# noise coming from right front side



## mdust (Apr 9, 2007)

Hi Folks
I am getting a noise just after moving from a stationery spot or in a traffic about two seconds after.The noise sounds like something is slack from a rubber grip . I was told by my mechanics to change my disc pads or it could be my abs working in . I have changed my disc pads and I am still experiencing this noise. Can anyone suggest the cause?I have a 2005 2.0 from Japan. many regards


----------



## aussietrail (Sep 24, 2004)

ABS self-test

I think this question and answer has been provided over a 100 times on this forum LOL 

Marc: Maybe it's a good idea to make it a sticky topic at the top with this sound and what it means, you may wanna include a audio file with you hissing in it to represent the ABS self-test. hahahahaha


----------



## Revhead Kev (Apr 1, 2007)

Jalal,
Doesn't the ABS self-test only happen on startup ?
Mdust mentioned they get the noise also when in traffic about 2 secs after moving off.

Mdust,
What does the noise sound like ?
Is it a knock, bump or other sound ?


----------



## aussietrail (Sep 24, 2004)

Yes Kev, the ABS self test only happens at start-up.


----------



## mdust (Apr 9, 2007)

Hi Folks
Thanks for your replies guys, according to Jalal with his comments on this topic 100 times this q is being asked maybe there is something Nissan has to address . The noise is somewhat like a loose rubber hitting against the chasis.I have checked all my engine mounts and they are good.
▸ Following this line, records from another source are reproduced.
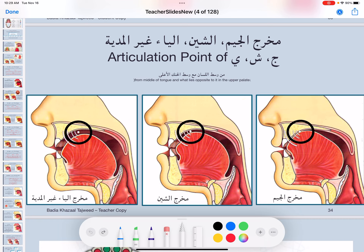Another thing we need to know is the tip of the tongue — in the Sheen it needs to be right there. A lot of people place it on the top or on the bottom, and that moves the makhraj. So when you lift the middle of the tongue to the top and leave a gap, the tip of the tongue — you actually won't feel it touching anywhere, it's just hanging in the middle between the upper teeth and the bottom teeth. So we say: ash.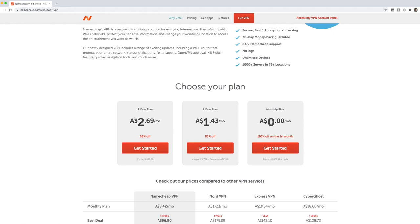So you can select a three-year plan right here, a one-year plan if you just want to try it for a year, $1.43, this is Australian dollars, or you can try it monthly for $0 for the first month, 100% off.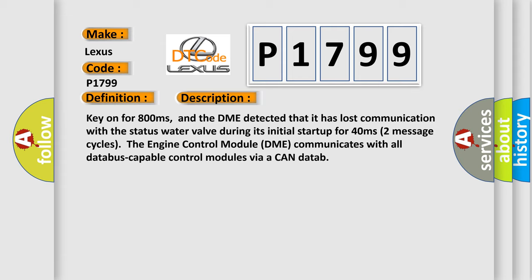Two message cycles. The engine control module DME communicates with all database capable control modules via a CAN data bus.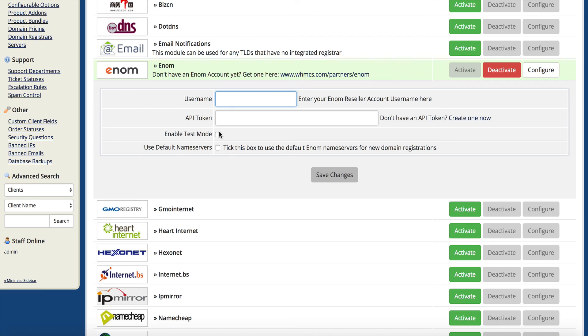That's exactly how you get your free enom reseller account here at NameHero and how you connect it to your WHMCS. If you have any other questions, feel free to let us know. We'd love to help you out and get you going. Thanks so much everyone, enjoy your reseller account at namehero.com.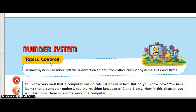Hello, dear students. Welcome to my computer science class. Today we will discuss the question answers and the other exercises of chapter number system. This is the second chapter of your class seven computer science book, IT Planet. So let us start with the question answers.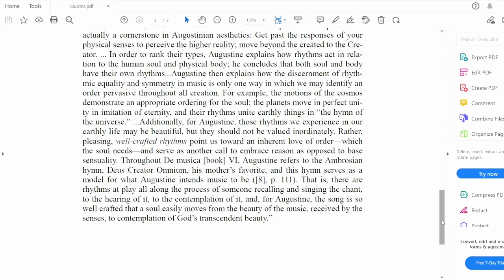Throughout De Musica Book 6, Augustine refers to the Ambrosian hymn Deus Creator Omnium — his mother's favorite — and this hymn serves as a model for what Augustine intends music to be. That is, there are rhythms at play all along the process of someone recalling and singing the chant, to the hearing of it, to the contemplation of it. And for Augustine, the song is so well-crafted that a soul easily moves from the beauty of the music received by the senses to the contemplation of God's transcendent beauty.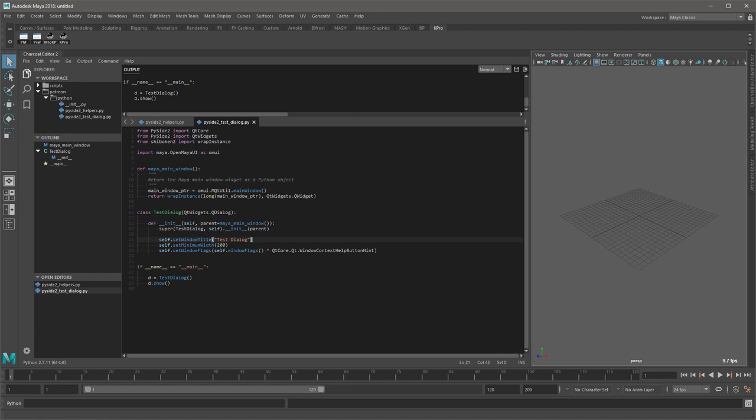Basically it lets you write code for one operating system, Windows, Mac, Linux, that can run on other operating systems without having to modify the code. And when developing for multiple platforms this is a huge time saver.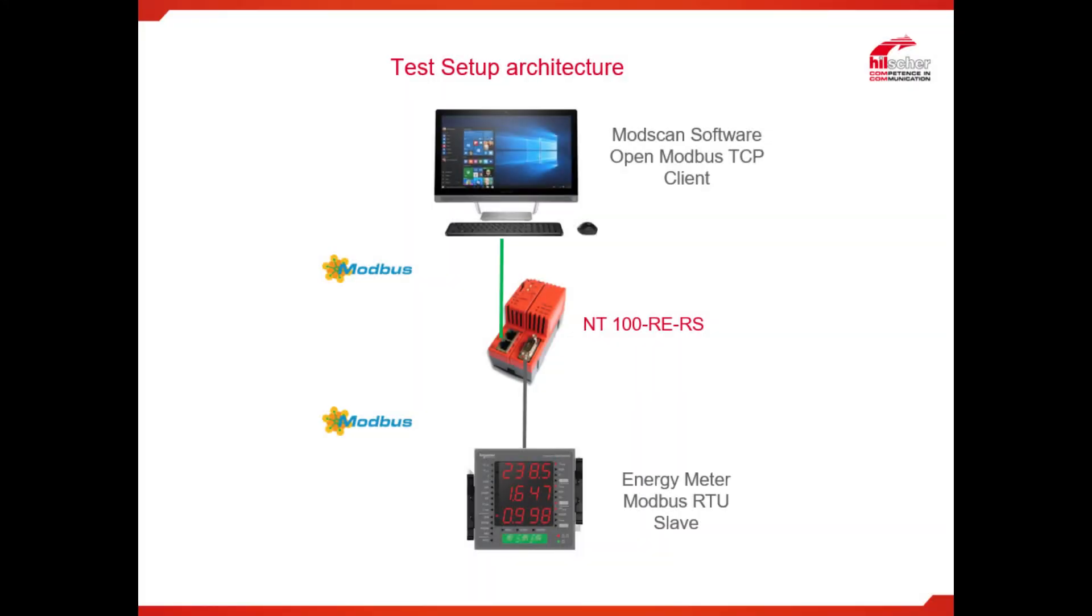Hello, my name is Devendra Sonagra, technical support team from Ilcher. Today I am going to show you NT100 RE-RS gateway configuration to communicate Modbus RTU energy meter with Modbus TCP client application.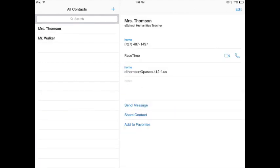Now you have both of our contact information stored in here, and you know how to add people now if you need to, and you can get in touch with us. And I hope this helps get you more acquainted with your iPad. Thanks.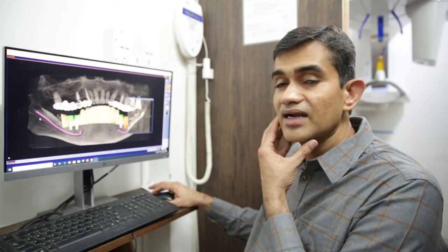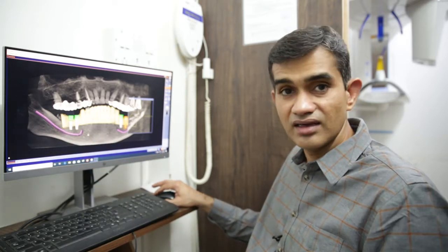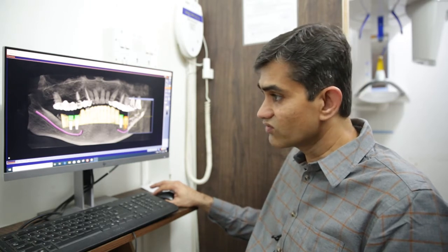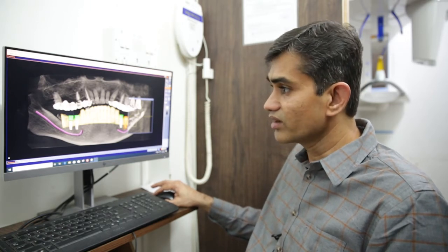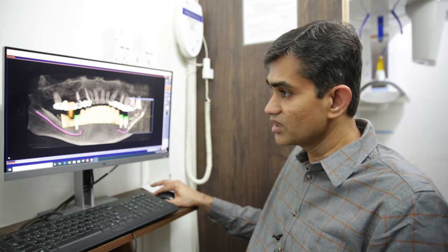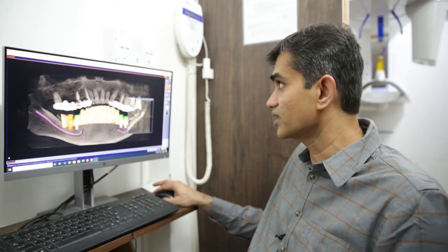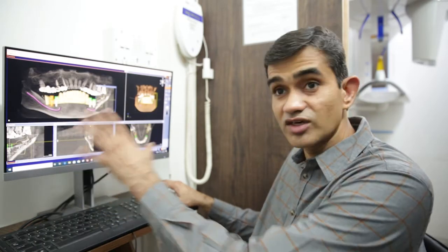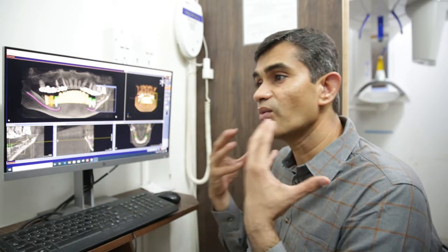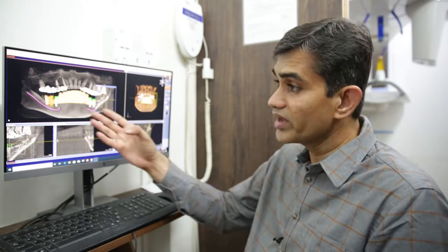Here we use something called the Galileos implant planning software, where we can virtually plan the entire surgery. You can see the mandible. The mandible has something called the mandibular nerve, which is seen there. We can draw the nerve, and we can also place virtual implants. You can move the implants and see where they are going to be placed — so we can virtually plan the implants.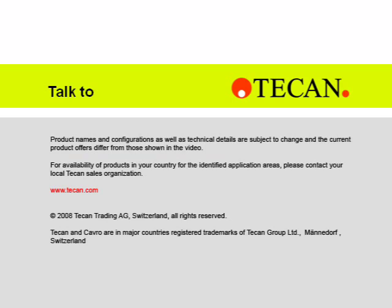For more information on this system or any of your liquid handling needs, talk to TECAN.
No signs of bursting.


----------



## aussietrail (Sep 24, 2004)

Hi mdust, my reply was only based on the noise that you would normally hear when you start the car and move away, this would be the ABS self-test for sure, but you shouldn't be hearing that noise when the car is moving.

Have you checked the drive shaft shoes/rubber to see if there is any tear in them? This coukd happen if you went over a stick or something and had the shaft shoes torn. The noise could also be related to a shot front wheel bearing and we had quite a few of these replaced down under under warranty.


----------